Vreeswijk explained in one of his few interviews that he had taught himself to sing and play in the fifties by imitating his first idols Josh White and Lead Belly.
Influenced by jazz and blues and especially by the singing style and social criticism of Georges Brassens, Vreeswijk "speak-sings" his "insults", and compels his listeners to pay close attention to the words.
His translation of Allan Sherman's masterpiece "Hello Muddah, Hello Fadduh" remains beloved to Swedes as "Brev från kolonien" (Letter from the summer camp) decades later, and could be said to have passed into folklore.
A political singer with a bohemian lifestyle, Vreeswijk remained controversial in the sixties and early seventies, idolized by his fans but disapproved of by many others for his "rude" language and persistent interest in "unsuitable" people like prostitutes and criminals.
During this period, he not only wrote and recorded songs now considered classics, such as "Sportiga Marie" ("Sporty Marie") and several affectionate salutes to the ever less employable "Polaren Pär" ("My Buddy Pär"), but he was an actor on the stage, receiving considerable critical acclaim, most notably as Pilate in the Swedish version of Jesus Christ Superstar, and as Tevye in Fiddler on the Roof.
Spending four months in Brazil began Vreeswijk's lifelong interest in Latin American music and social and political conditions, later seen for example in his Victor Jara album of 1978.
He also became an important musical interpreter of the works of other people, recording the songs of Carl Michael Bellman, Evert Taube, and Lars Forssell.
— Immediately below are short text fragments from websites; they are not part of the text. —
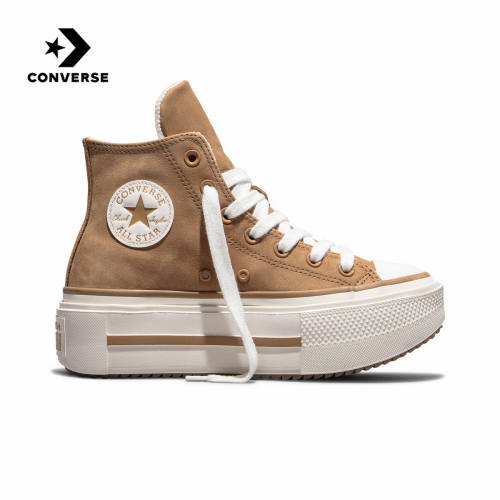 匡威（Converse）|（新品）2026冬中性ALL STAR A22119C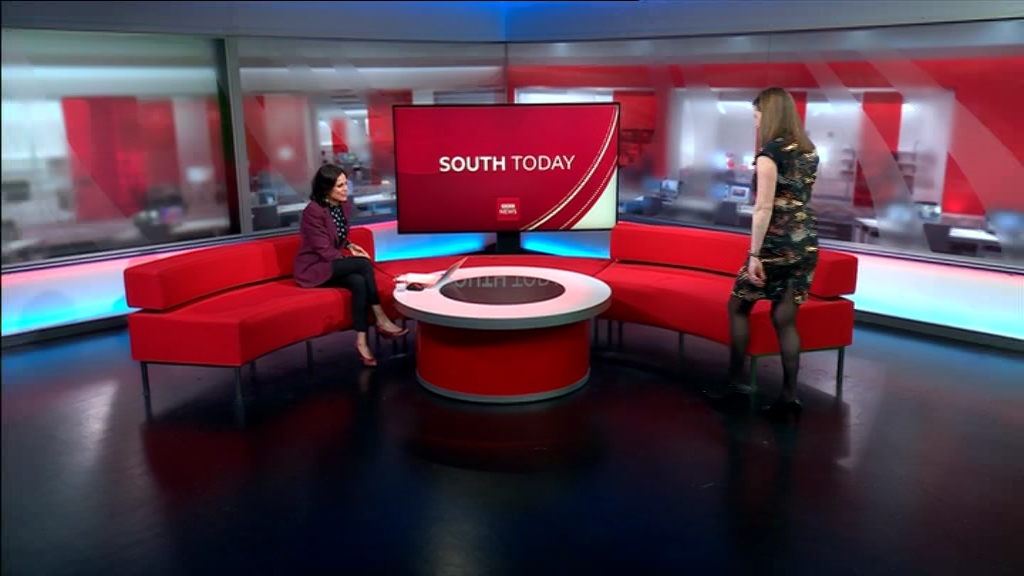 BBC London News 2022_03_14_18_30_00.ts_snapshot_30.39.026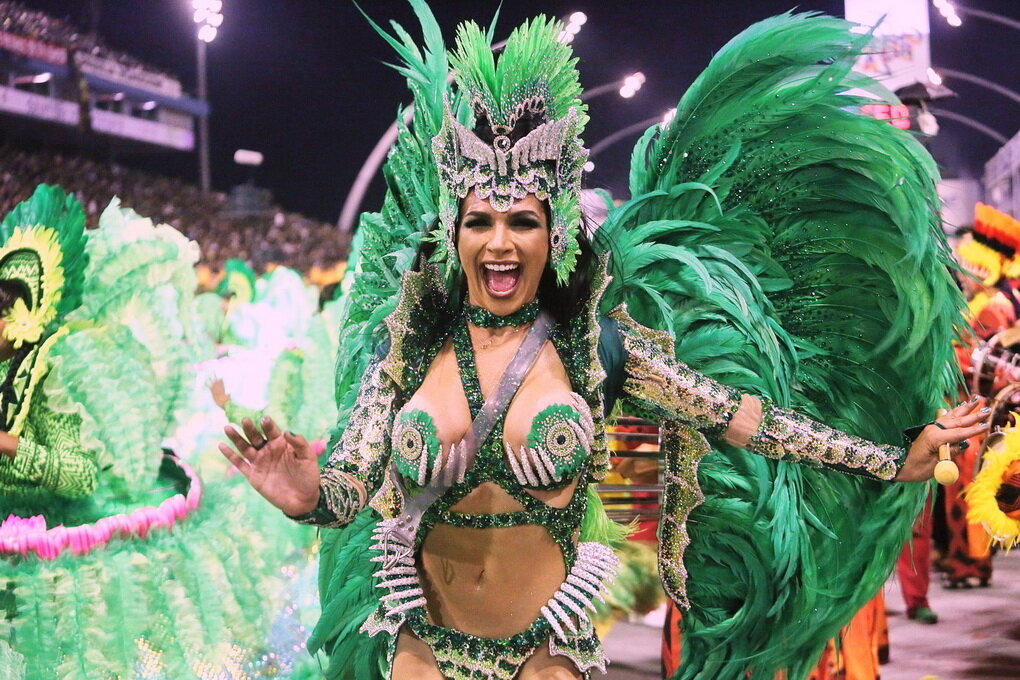 Фото: Яндекс картинки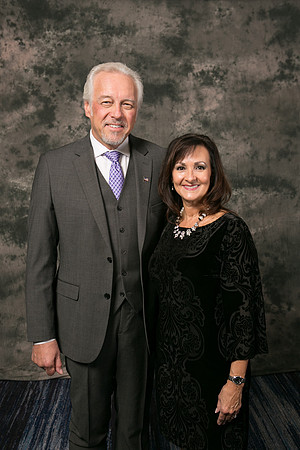 IML_12-01_0251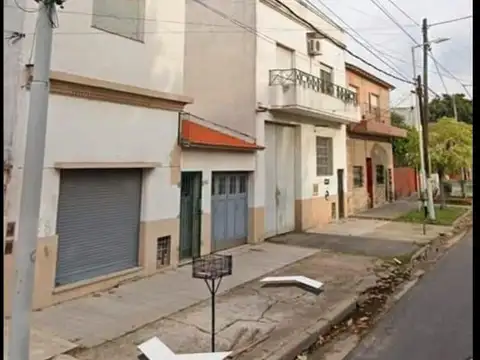 Argañaraz 1743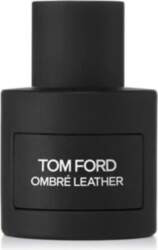 Parfīms - TOM FORD - Ombré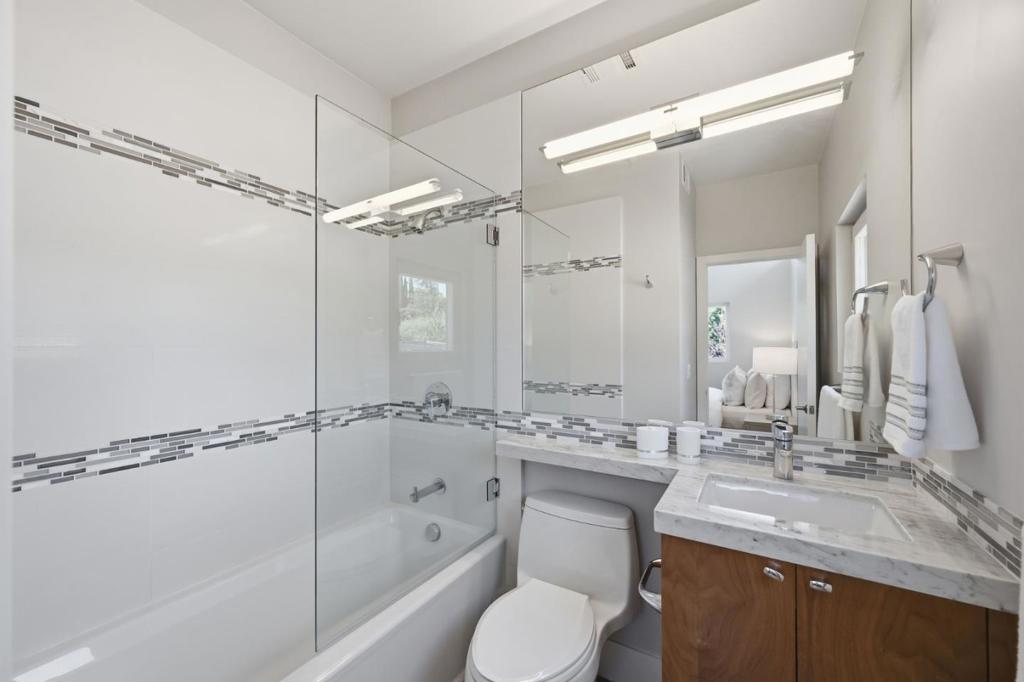 MLS #ML82059479 image #35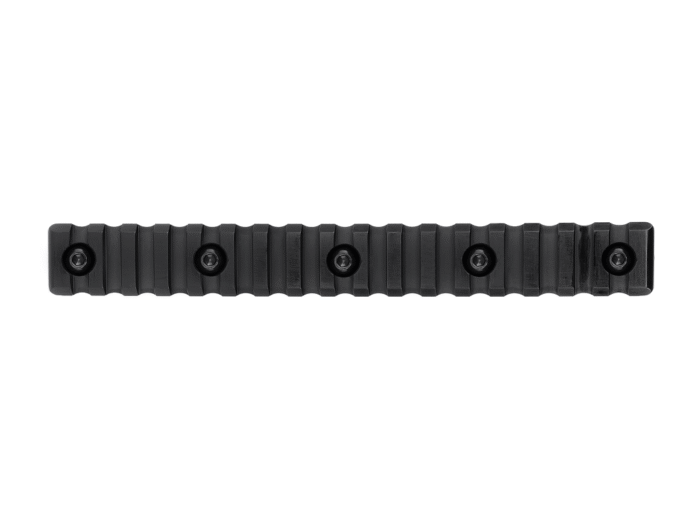 KRUK 17 slots Picatinny rail with M-LOK interface - slika 5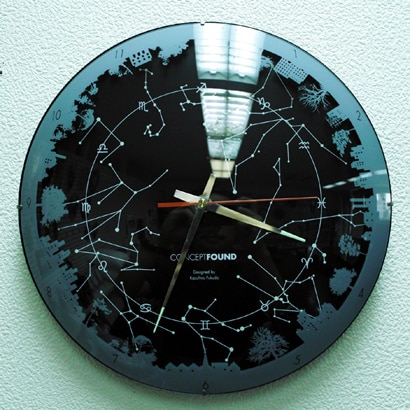 CFT20 STAR-02BK 72546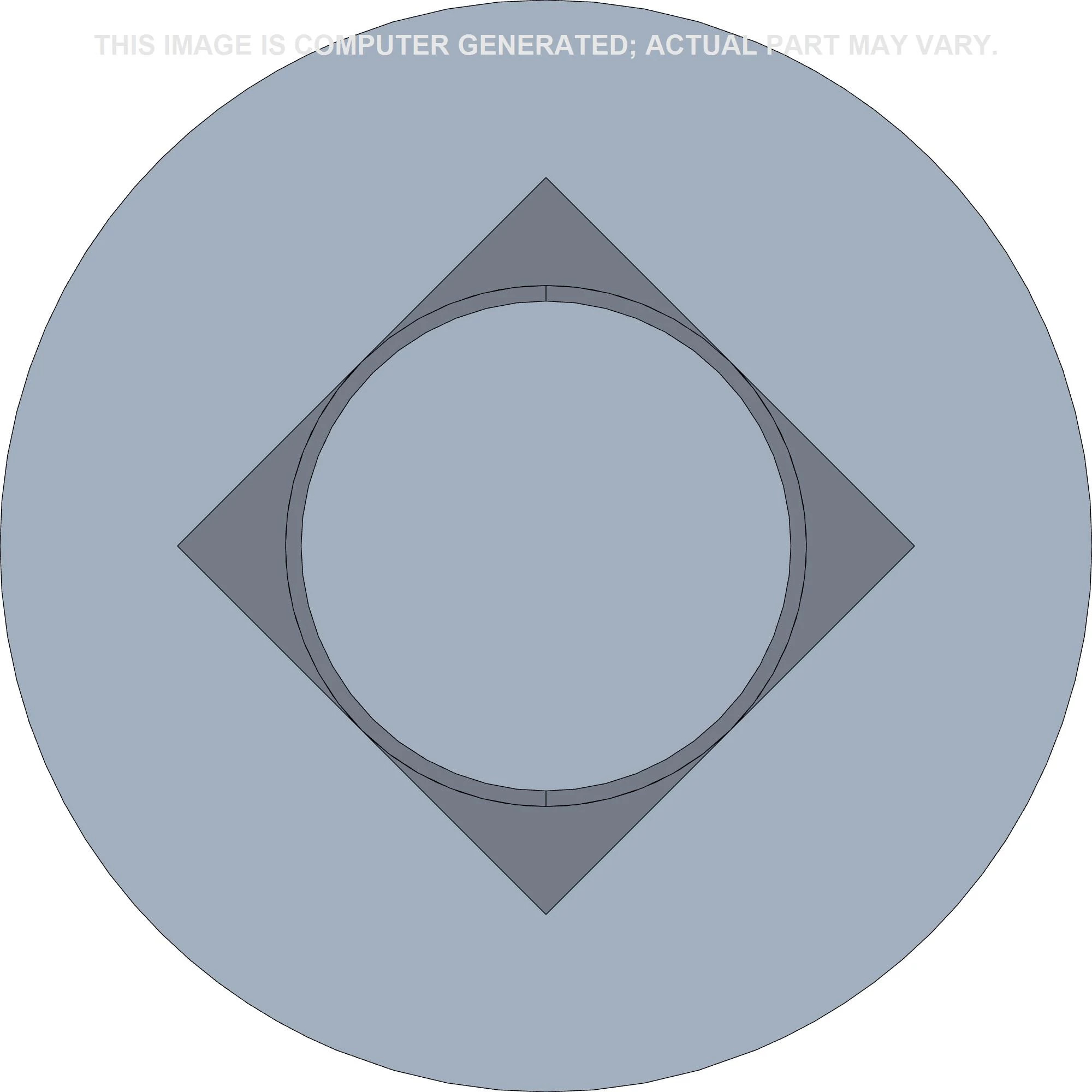 VIS A TETE BOMBEE | CASECE | AMEA | EN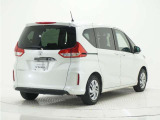 ◆法定整備実施◆Honda認定中古車の整備基準にもとづく整備を実施いたします。法定点検の整備に加え、Honda独自のプラスアルファー点検整備を実施。基準を満たしていない消耗部品を交換いたします。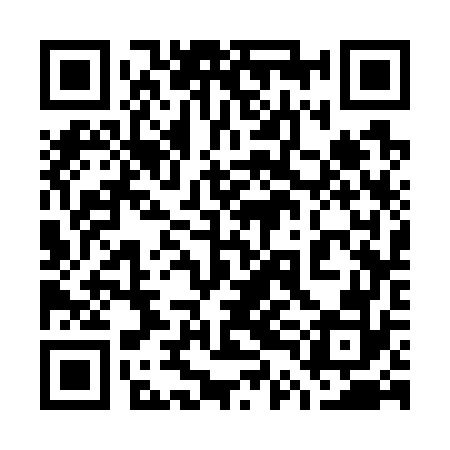 QR code for 74C772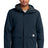 Carhartt Men's   Super Dux   Insulated Hooded Coat CT105533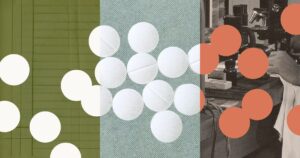Anthropic engage Claude dans six partenariats de développement de médicaments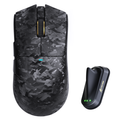 Attack Shark X11 Ultra Wireless Gaming Mouse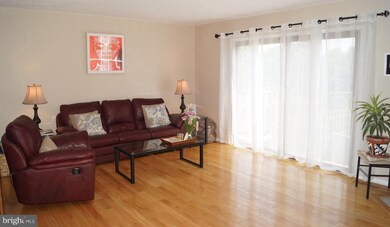 123 Windham Ct, Newtown, PA 18940 - photo 4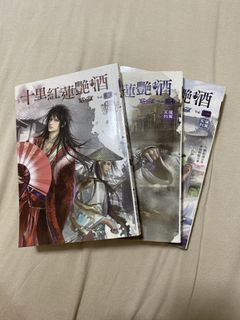 由 a112b_ (刊登 ID 1448959918，圖片 1) 提交，位於 的 (類別：)，說明：。
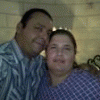 lparedes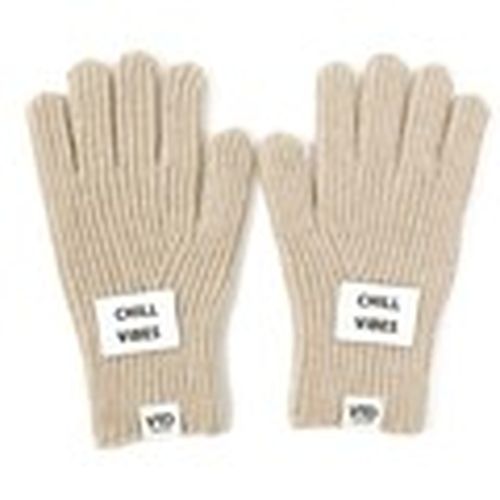 Guantes 10599375077703 para mujer - Vtd - Modalova
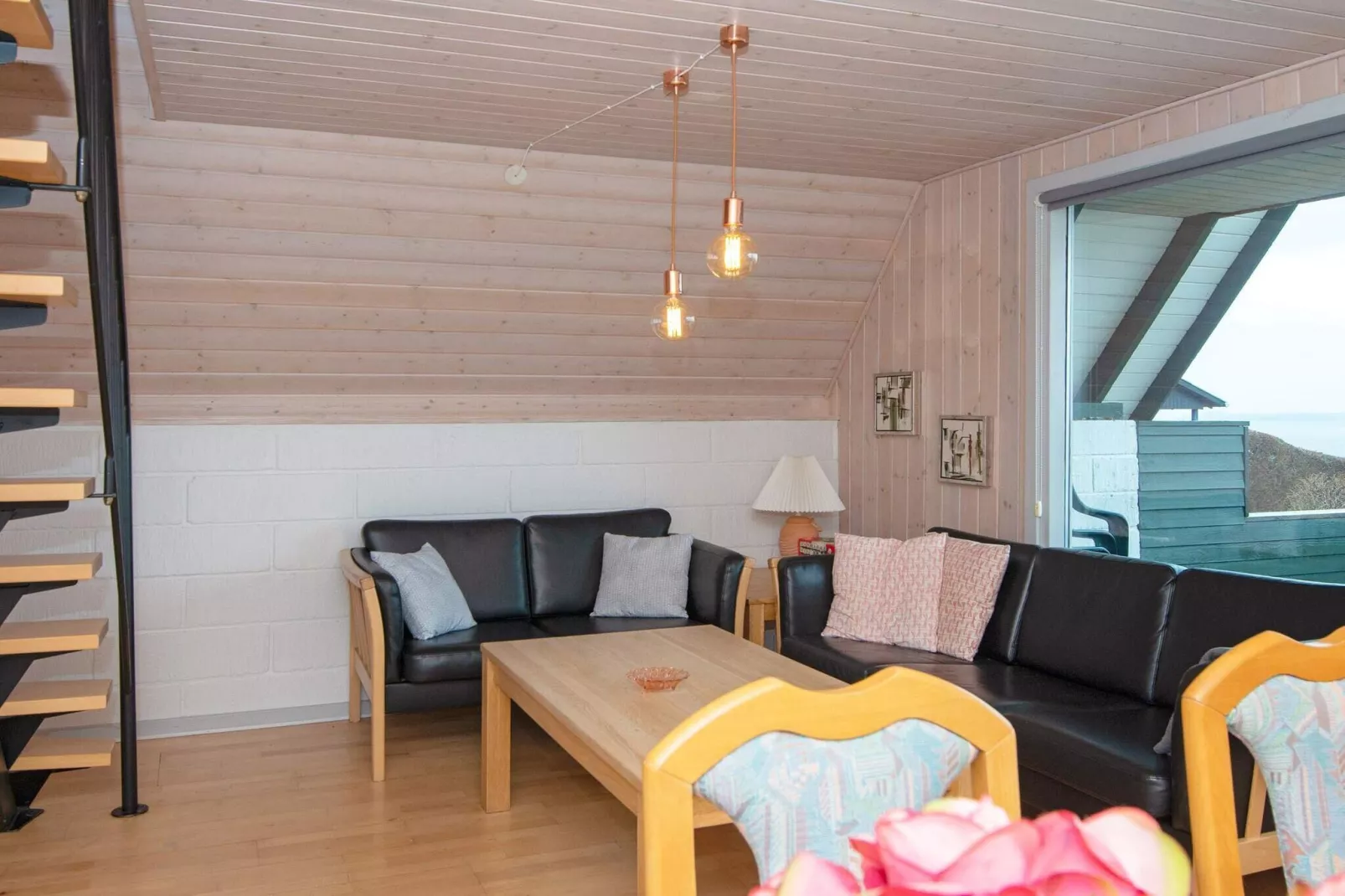 6 persoons vakantie huis in Aabenraa-By Traum-Binnen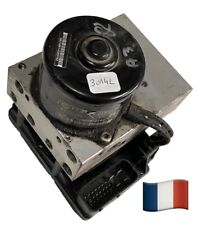1J0614217C / 1J0907379H Bloc Pompe Abs ATE 10094903413 Audi A3 8L VW Golf MK4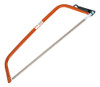 Arco Tronzador Montaraz Bahco Se-15-32 De 32 Pulgadas 0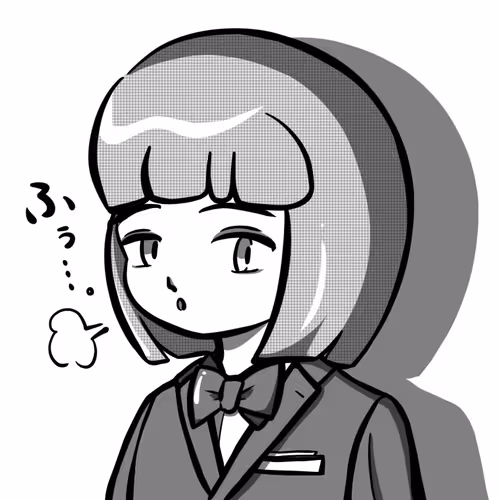 Item #87383727123620161737292094198014250315741856288672271608440919180799274647553 Media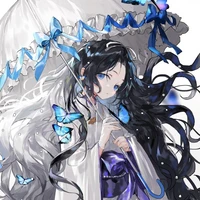 Isagi May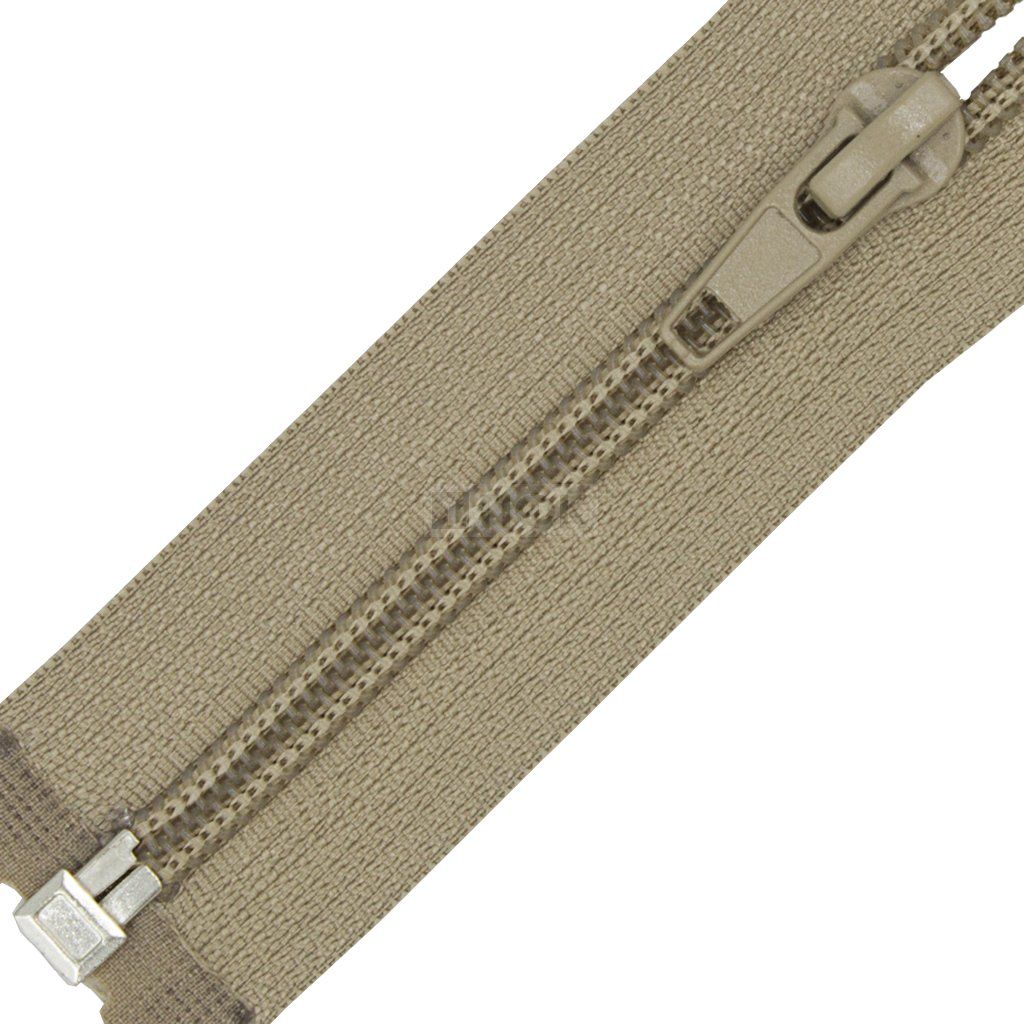 Молния спиральная (витая) тип 5 70см разъем цв 292 (уп 100шт) улучшенная 18гр/рулонка 3,2гр/бегунок — ПФКР Молния спиральная (витая) тип 5 70см разъем цв 292 (уп 100шт) улучшенная 18гр/рулонка 3,2гр/бегунок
His fresh, bluesy renderings of Bellman and Taube, who had up to then been classics belonging to the "harmless" tradition that Vreeswijk despised, were artistic and commercial successes which extended his fanbase.
Even though in this period Vreeswijk was a prey of tabloid scandal and in the news for his drinking problem and his debts (about both of which he spoke with frankness) rather than for his achievements, he remained highly productive.
Towards the end of his life his reputation soared again, aided by the televising of some highly regarded nightclub shows, and by Agneta Brunius' TV documentary Balladen om den flygande holländaren (The Ballad of the Flying Dutchman) in 1986.
Because of his long stay in Sweden, though he never became a citizen,[5] the Dutch pronunciation and idiom that he had learned to speak in his youth were out-of-date in the seventies and eighties.